Last week was the Advanced Course Graduation Ceremony in my school, a very special occasion in which hundreds of students gather together, accompanied by their families, to celebrate the end of a long English-language-learning journey. Some of them started at a very young age, while others as adults, yet all reached the desired proficiency in English.
In my 26 years in the Institution, I have been to dozens of graduation ceremonies. Even so, each event is unique, and each one moves me in a different manner. The highlight of this last one was to be unexpectedly approached and hugged by two former students who, in very different ways, took me out of my comfort zone as a teacher and forced me to find creative strategies to help them succeed – coincidentally or not, both called Matheus (Mathew in English).
The first Matheus was my student still in the Teens course, about four or five years ago. Right in the beginning of the semester, I was advised by his former teacher that he would probably give me a lot of trouble because he spoke out of turn, arrived late, disturbed the class, and didn’t hand in assignments on time. I was also warned about his bad writing skills. Indeed, that’s how Matheus behaved in the beginning of the term. I remember him raising his hand or shouting out the answer to every question I asked, not allowing his peers to talk and sometimes even intimidating them; I remember the blank pages in his workbook every time I checked homework. And I remember his first three-line paragraph full of comma splices. Soon enough, though, I realized that beneath the surface lay a very sensitive boy who was actually full of energy and eager to learn; he just needed a well-balanced dose of attention, on the one hand, and limits, on the other.

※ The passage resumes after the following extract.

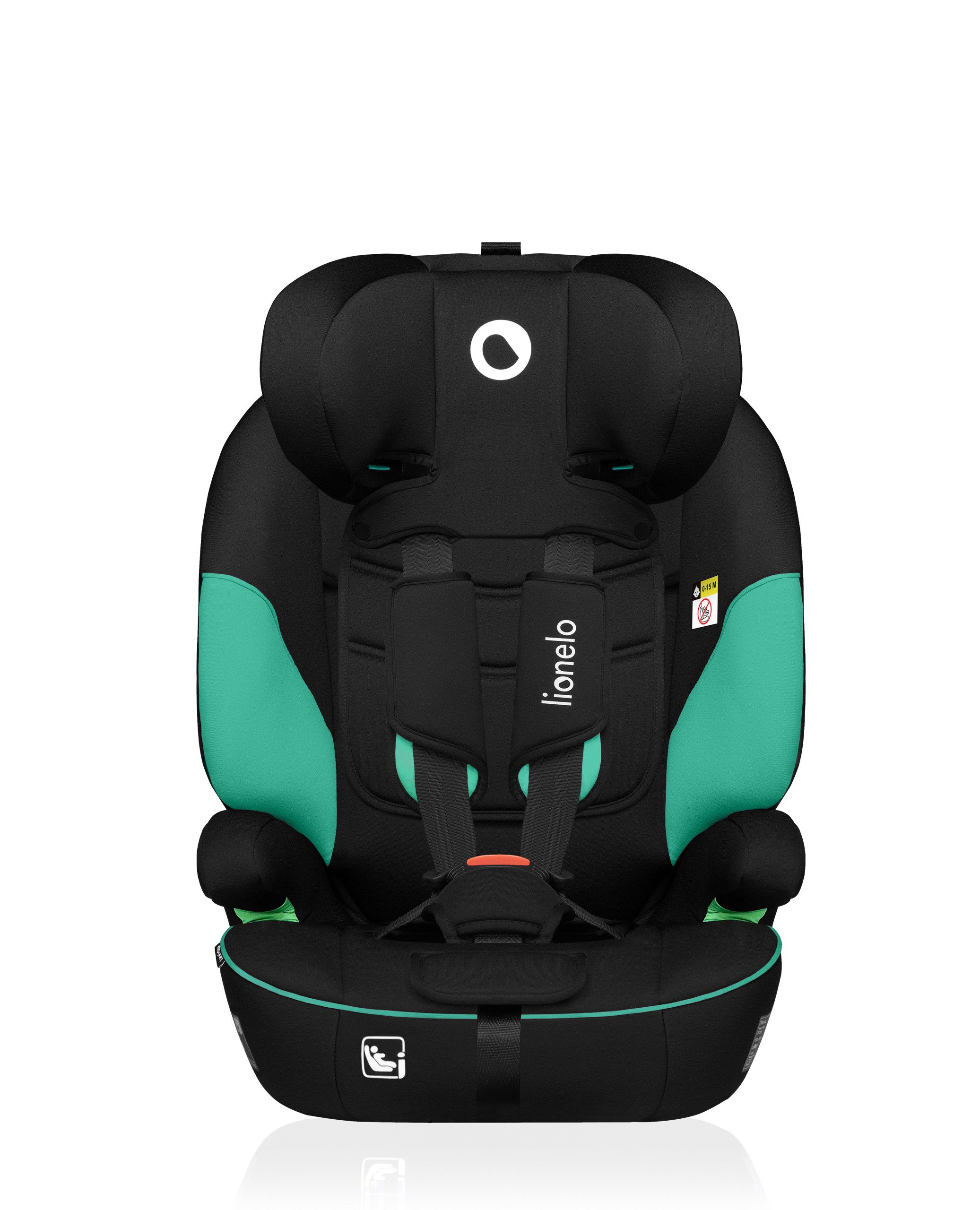 lionelo Autokindersitz LEVI I-SIZE, ab: 15 Monaten, bis: 12 Jahre, (Set), i-Size / Universell passend, passt in alle Autos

I began by approaching him at break time every day and engaging in small talk about whatever I thought interested him. I also asked him why he was arriving late and if he could make a special effort to arrive on time next class; when he did, I thanked and praised him. During class, I made sure he had his chance to talk but I also made sure he gave his peers a chance. I clearly remember standing next to him and putting my hand on his shoulder, indicating that he should wait for his turn. To help him spend some of his excessive energy, I had him do small chores, such as erasing the board and handing out worksheets, for example. I also had him rewrite his paragraphs as many times as necessary until they were passable, showing Matheus that I wanted him to learn, not to get a failing grade. On the other hand, he received the negotiated penalties for handing in late work, also showing him that he wasn’t going to get any breaks. In order not to lose his trust, I told him I would call his mom about his homework and advised him to tell her in advance so I wouldn’t catch her by surprise. Making a few mistakes here and there but achieving good results most times, I managed to engage Matheus in productive work during the semester, at the same time that I also learned to be more tolerant and changed my concept of a “well-behaved student”.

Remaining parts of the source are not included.